Indeed we fully agree with the notion that the US has to start living without borrowing so much each year. Deficit spending is another way to oblivion as it undermines a currency with inflation. Has the US finally taken away the punch bowl and turned party pooper?

The warnings from Washington and even the powerful Fed chairman Ben Bernanke himself have been loud and clear. This austerity package will not be fully offset by QE monetary expansion. Besides there is more coming by the end of the month that Congress seems in no mind to stop.

The public and investors seem to have their heads in the sand. They seem as ill prepared for what is coming as ever.

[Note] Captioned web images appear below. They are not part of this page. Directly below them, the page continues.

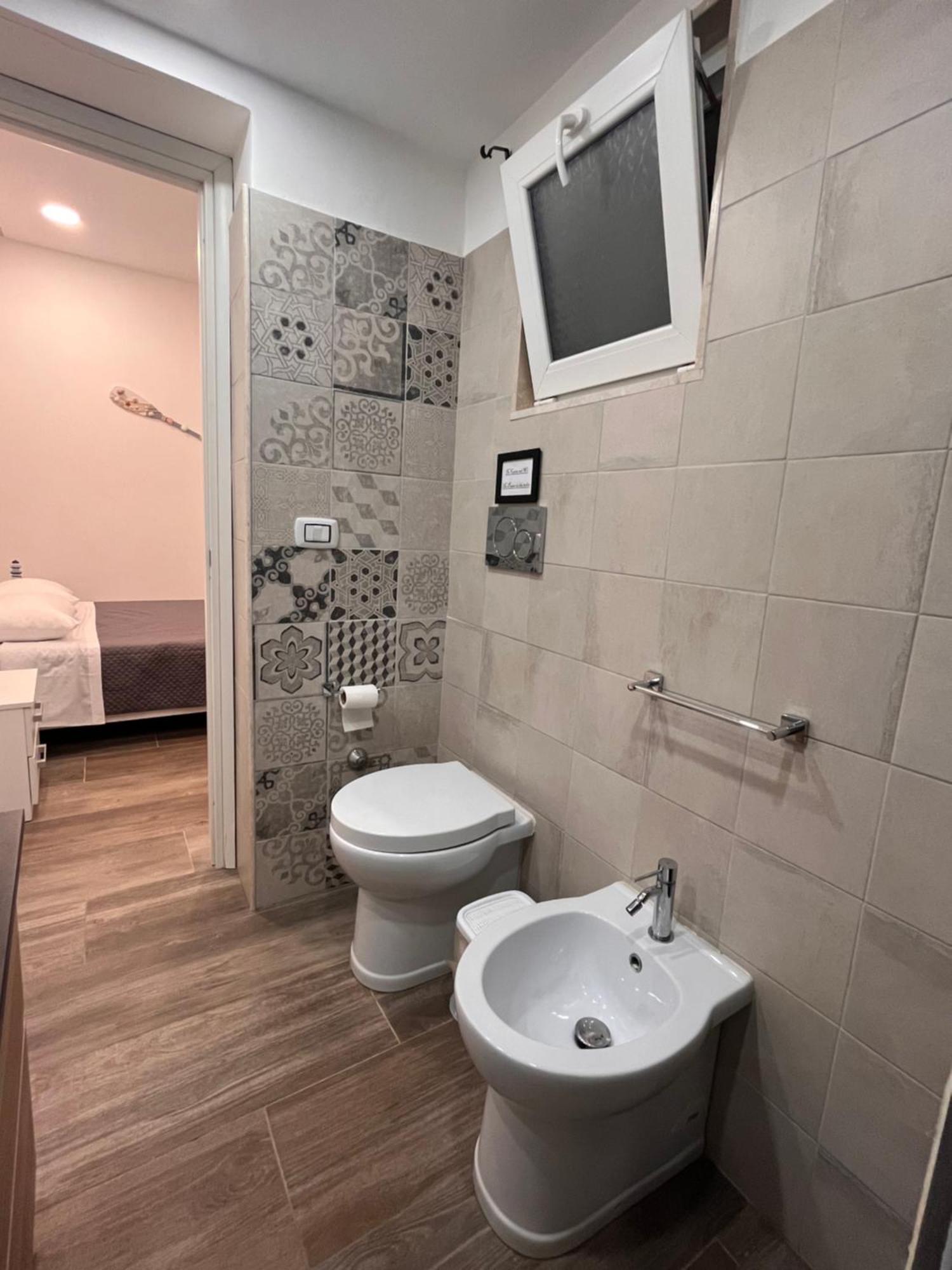 Appartement Stella Marina à Syracuse Extérieur photo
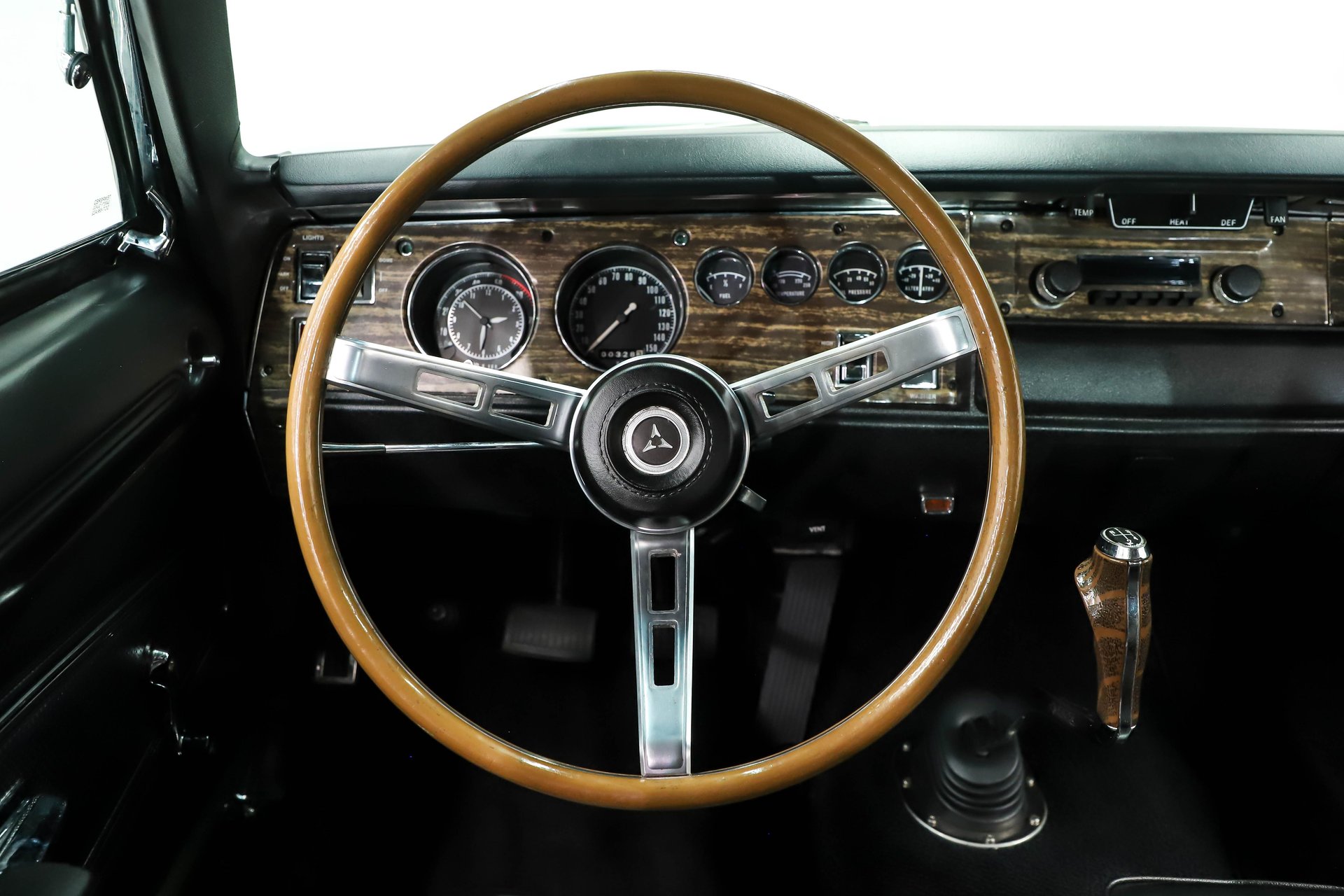 1970 Dodge Charger R/T thumbnail 15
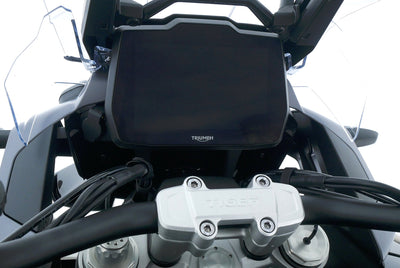 TRIUMPH TIGER 1200 GT PRO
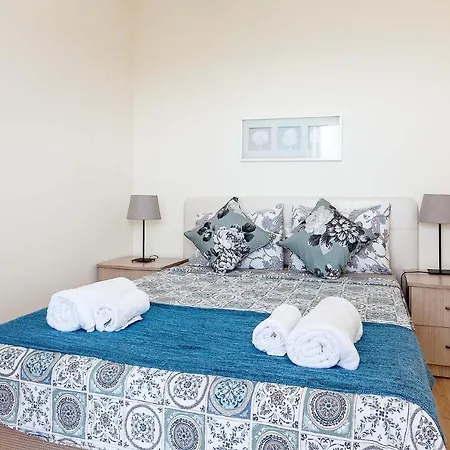 Thalssa Beach Cyprus Three Bedroom Vokolidha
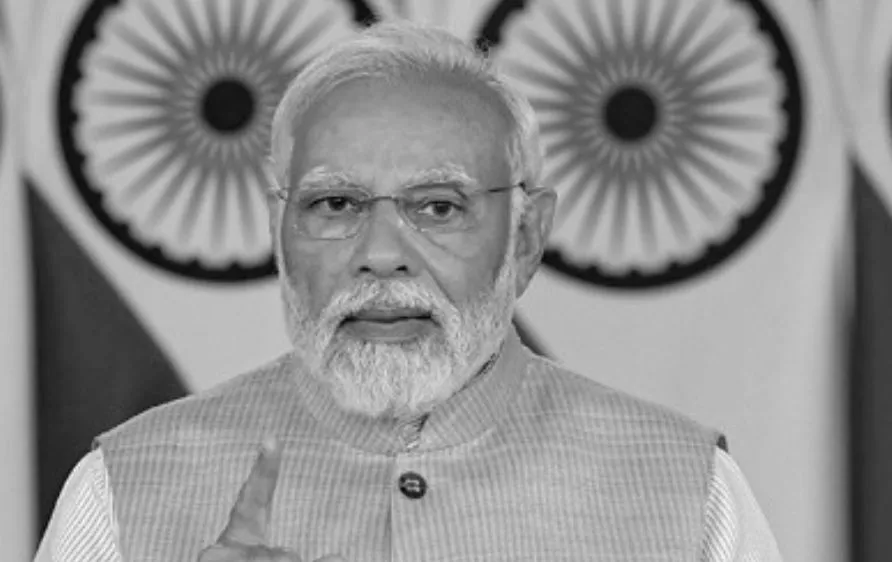 PM मोदी का कड़ा संदेश: 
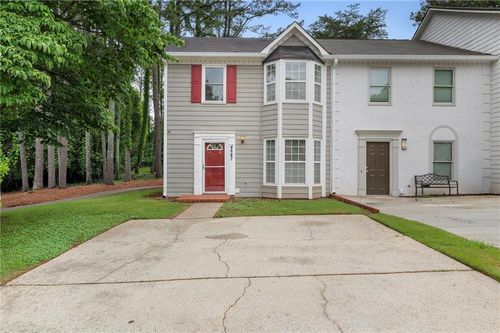 4847 Jenny Drive, Acworth, GA, 30101 | Card Image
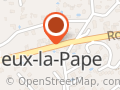 Carrosserie de La Pape SARL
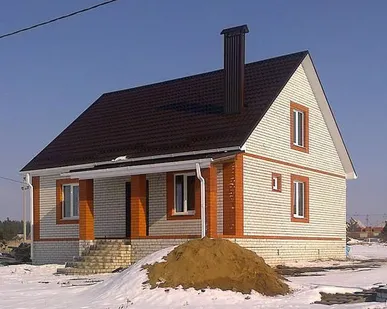 фото Кровельные работы на КМВ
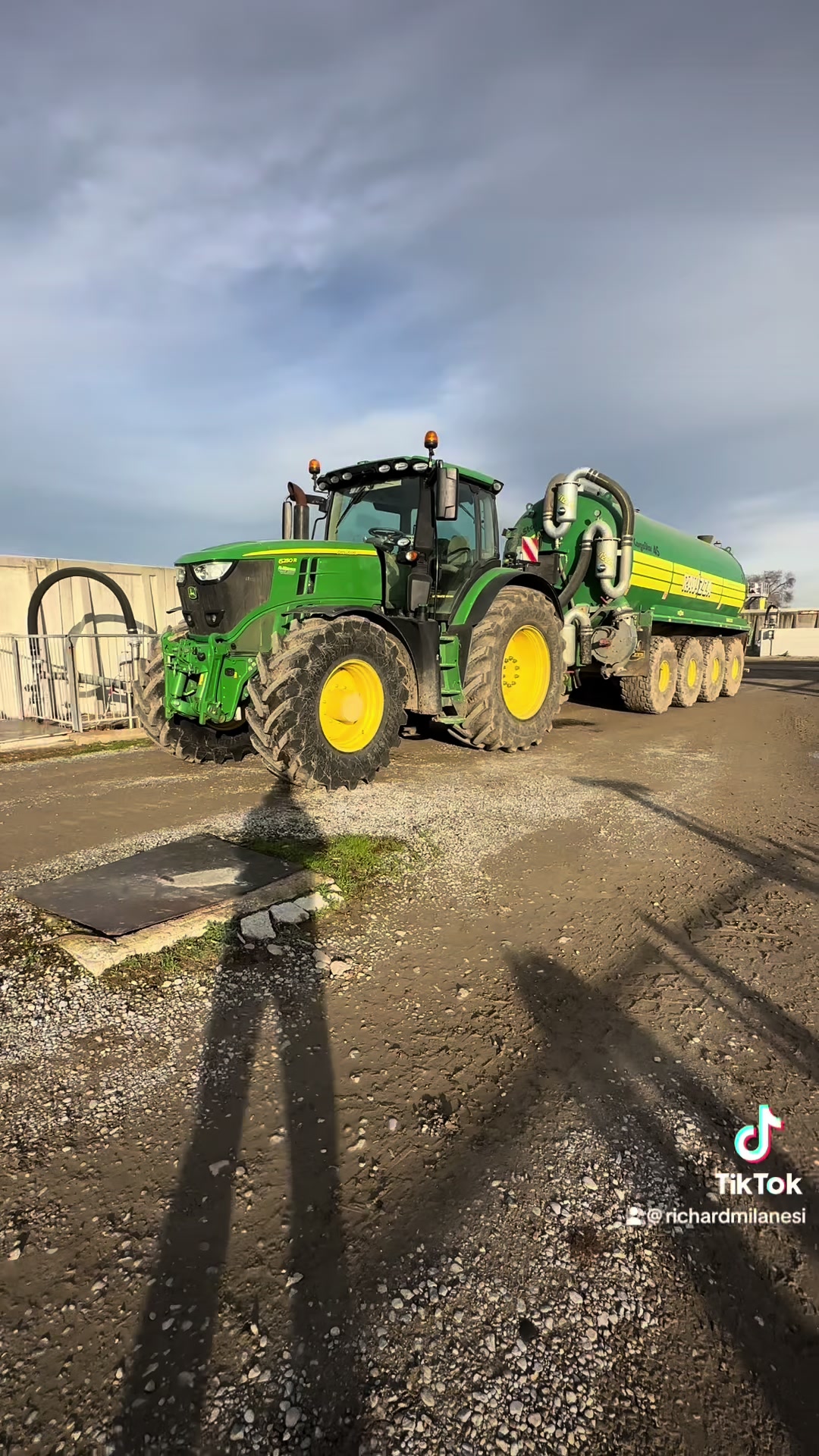 @AgriRichardMilanesi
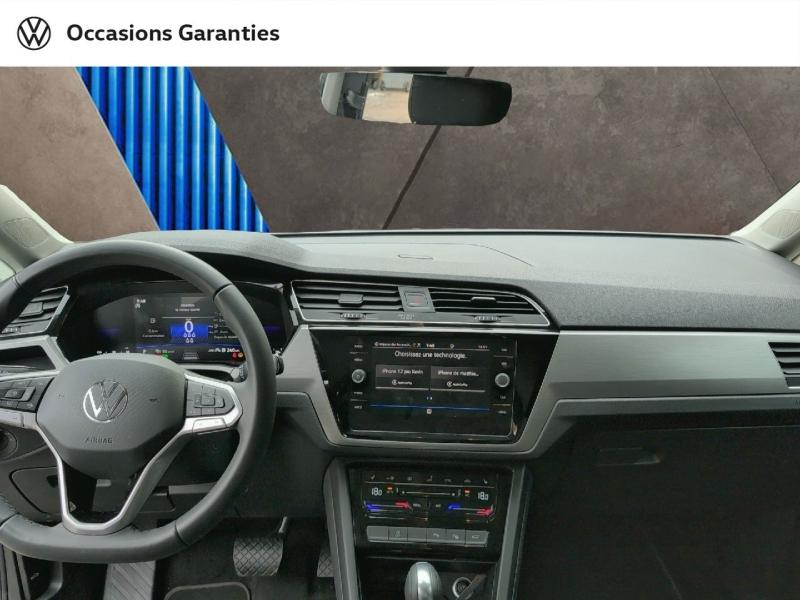 Voitures occasions VOLKSWAGEN TOURAN VW Edition Thionville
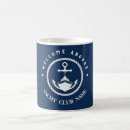 Search for navy sailor mugs Yacht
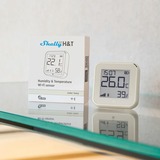 Shelly H&T Gen3, Melder creme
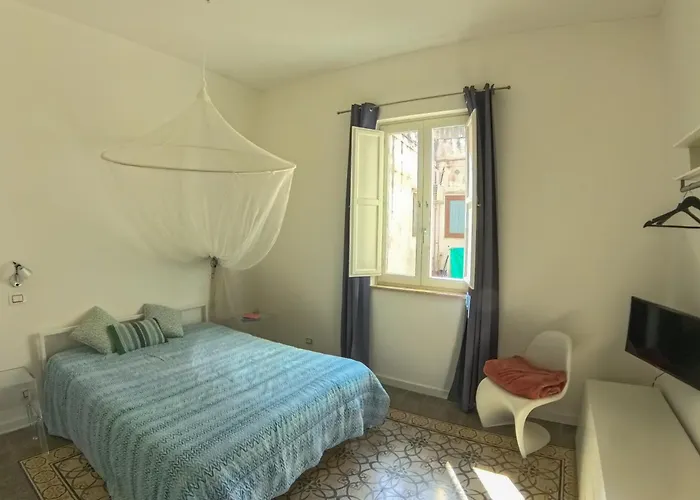 Seaside * تراباني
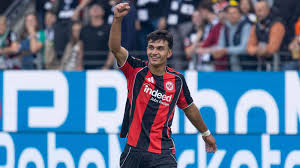 Kicker - News update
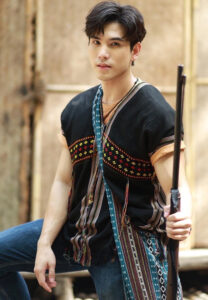 Kitipoom-Butjinda-หล่อสะบัด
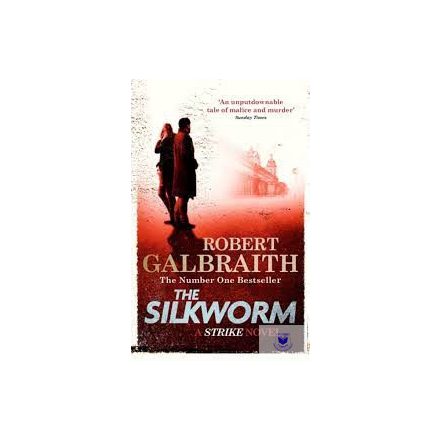 Silkworm (Paperback)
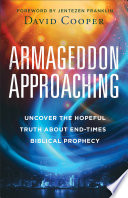 Cover of Armageddon Approaching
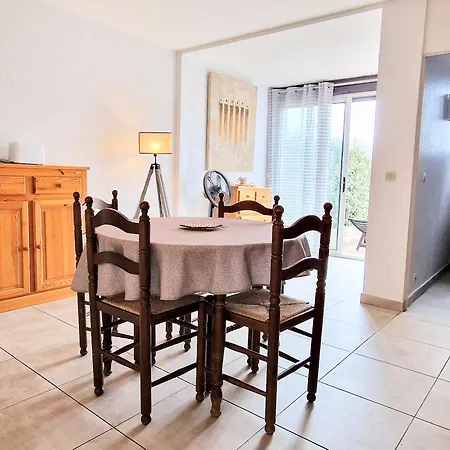 Avec Terrasse Et Parking A - Fr-1-309-277 Lejlighed Banyuls-sur-Mer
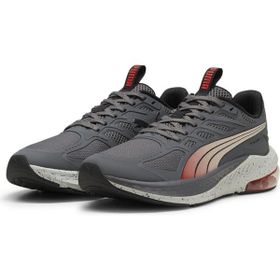 Puma 309972-02 X-Cell Lightspeed Cool Dark Gray Siyah Erkek Günlük Ayakkabı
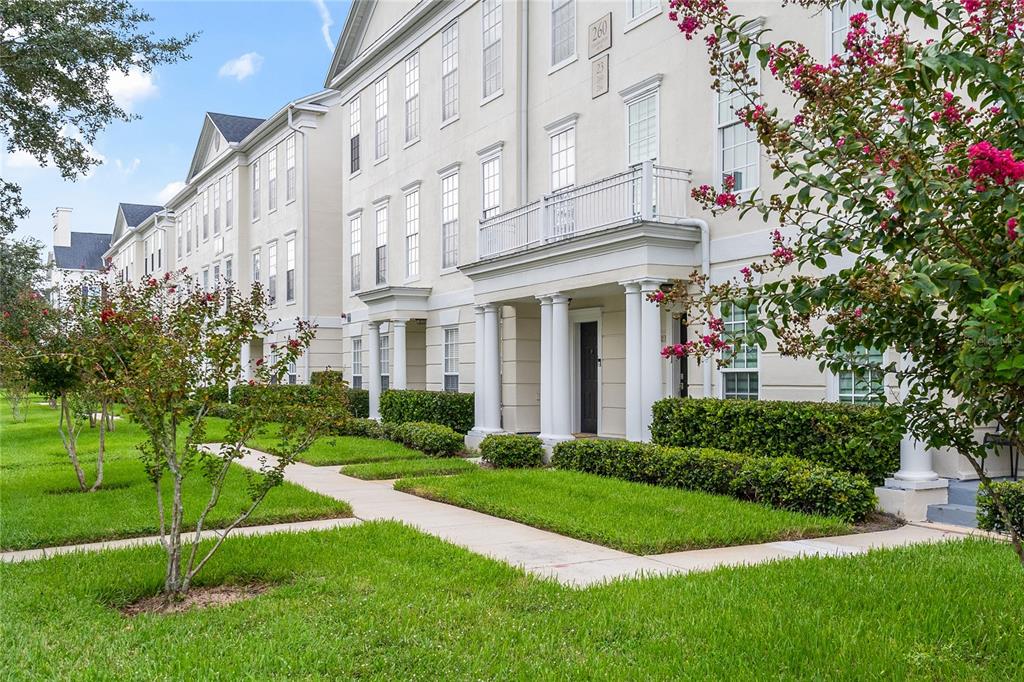 262 CELEBRATION BOULEVARD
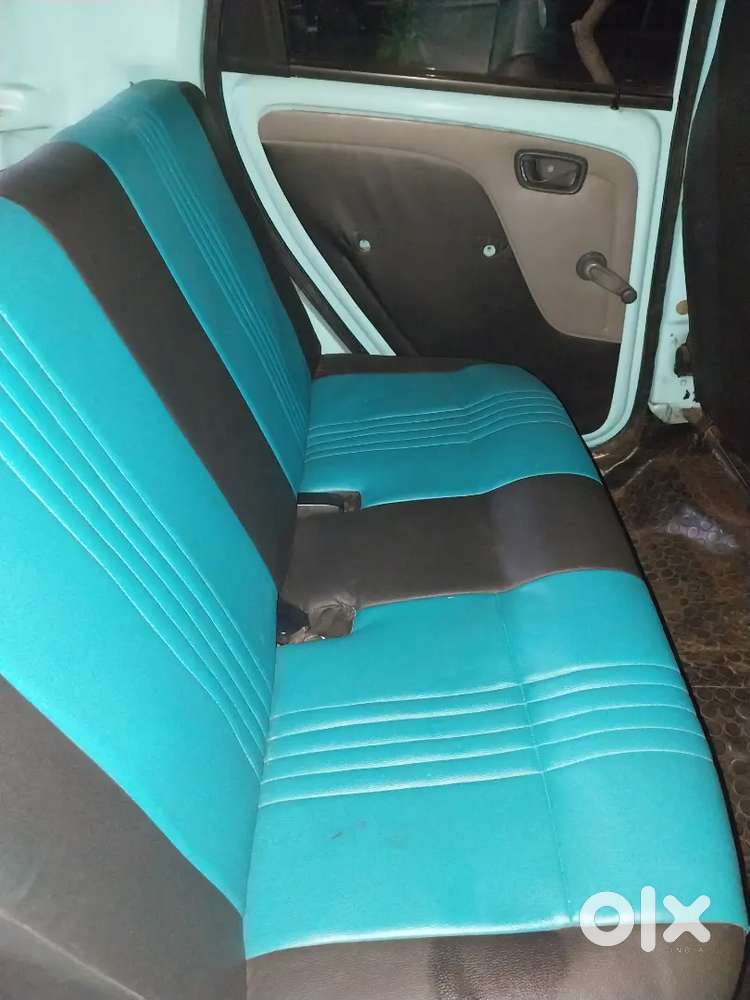 Tata Nano 2012 Petrol Well Maintained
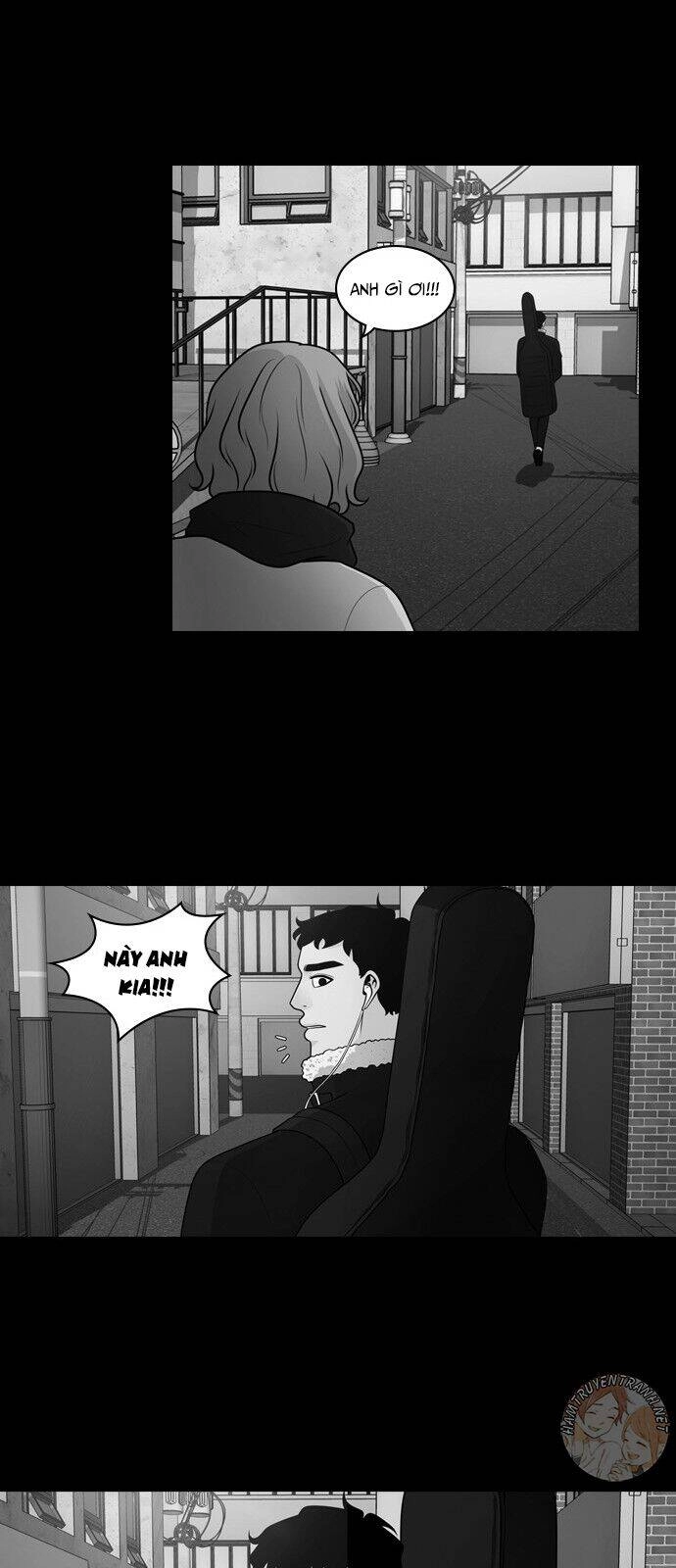 Tomorrow - Ngày Mai Chapter 27 - 33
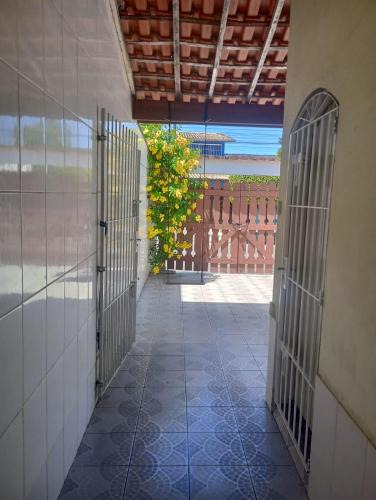 Mongagua House | Casa praia Mongaguá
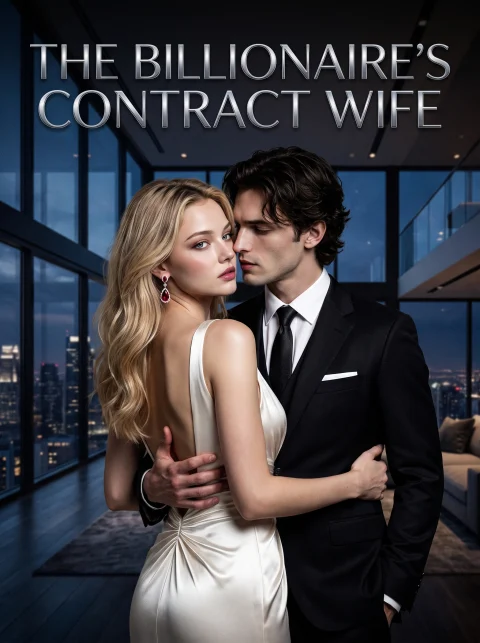 The Billionaire’s Contract Wife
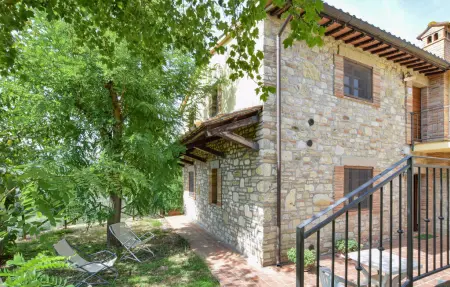 Appartement 4 personnes à Todi : photo 7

It looks as though a corrrection in financial markets from a ridiculously elevated state is inevitable, and the inevitable does often happen. The US dollar and bonds are the usual beneficiary. Sell-offs turn electronic assets into greenbacks and give it a kick.

After the dollar?

However, that is the short term impact. If Mr. Bernanke’s inevitable reaction is to print yet more dough then this is not the stuff to be holding for long. That’s why ArabianMoney and a rather special gold bug like Jim Sinclair reckon the next best haven will be gold and silver bullion, a money that nobody can print.

The problem is that short term the correction is not good news for precious metal prices either, although we think most of the correction is already done for gold and silver. Not so for the stock markets we must say that are perfectly poised for a major plunge downwards.

Are we not on the cusp of a new bull market with the global economy set to surge upwards? It is much easier to see us at the end of a small cyclical bounce and ready for a fresh plunge downwards. The folks on Wall Street are the only ones who have not gotten there yet.

Posted on 03 March 2013 Categories: Banking & Finance, Bond Markets, Global Economics, Gold & Silver, Hedge Funds, Private Equity, Sovereign Wealth Funds, US Dollar, US Stocks

1 Comment posted by readers:

Comment by John Mark - 03 March 2013

Like “the inevitable does often happen”!

I don’t understand the logic behind “the best place to hide in the short term” is “the US dollar, its bonds and linked currencies” because hiding in precious metals now means that you are buying at a good low price.

So, why go into what you will have to come out of after the short term, since you might have missed the boat on these low bullion prices – compared to what will be?

Why go into US bonds when Bloomberg demonstrates that bonds are in a bubble? Isn’t the explosion of a bubble always loss to the investor? So, why go into precious metals via bonds, dollars and linked currencies at the present time?

Perhaps, the answer is that it’s all down to timing, and that bubble-bursting bonds are going to bring in high yields, which will make it worthwhile, in the short-term, to the wily investor.

It’s a gamble which is not my fascination. If silver eventually goes up by 500 times and I bought in at $30 whereas the wily bond investor bought in at $40, then at $15,000 per ounce, the wily investor will have increased his silver wealth by 375 times compared to my 500 times.

Will his taxable and professionally chargeable high yield bonds make up for the difference of a 125 multiplication between him and me on our silver? It’s a gamble which I am content to let go by.